Hello,
After our latest Kubernetes Update we experienced very frequent outages of the connection between checkmk and the Cluster collector:
Cluster collector version: 1.7.0, Nodes with container collectors: 3/3, Nodes with machine collectors: 3/3, Container Metrics: OK, Machine Metrics: Setup Error**CRIT**
or:
Cluster collector version: 1.7.0
Nodes with container collectors: 4/4
Nodes with machine collectors: 4/4
Container Metrics: OK
Machine Metrics: Setup Error(Failure to establish a connection to cluster collector at URL [<redacted>](https://<redacted>/machine_sections) )**CRIT**
Node: <redacted>(Container Metrics: Checkmk_kube_agent v1.7.0, cadvisor_version v0.47.2; Machine Sections: Checkmk_kube_agent v1.7.0, checkmk_agent_version 2.2.0p12)

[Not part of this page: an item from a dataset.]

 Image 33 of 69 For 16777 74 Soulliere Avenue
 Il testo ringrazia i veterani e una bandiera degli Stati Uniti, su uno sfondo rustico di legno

Node: <redacted>(Container Metrics: Checkmk_kube_agent v1.7.0, cadvisor_version v0.47.2; Machine Sections: Checkmk_kube_agent v1.7.0, checkmk_agent_version 2.2.0p12)
Node: <redacted>(Container Metrics: Checkmk_kube_agent v1.7.0, cadvisor_version v0.47.2; Machine Sections: Checkmk_kube_agent v1.7.0, checkmk_agent_version 2.2.0p12)
Node: <redacted>(Container Metrics: Checkmk_kube_agent v1.7.0, cadvisor_version v0.47.2; Machine Sections: Checkmk_kube_agent v1.7.0, checkmk_agent_version 2.2.0p12)
You can see the ouatges in the usage metrics of the memory ressources:
We did not managed to fix the error and tried Combinations of Kubernetes 1.27 and 1.28 with helm charts 1.5 and 1.7. The nodes after the Update user another VM Template containing the updated Kubernetes Version.
Our Checkmk has the Version 2.3.0p20.
Even with debugg logging, there are no clues. The pods are running flawlessly from what we can see in ArgoCD.
Best regards.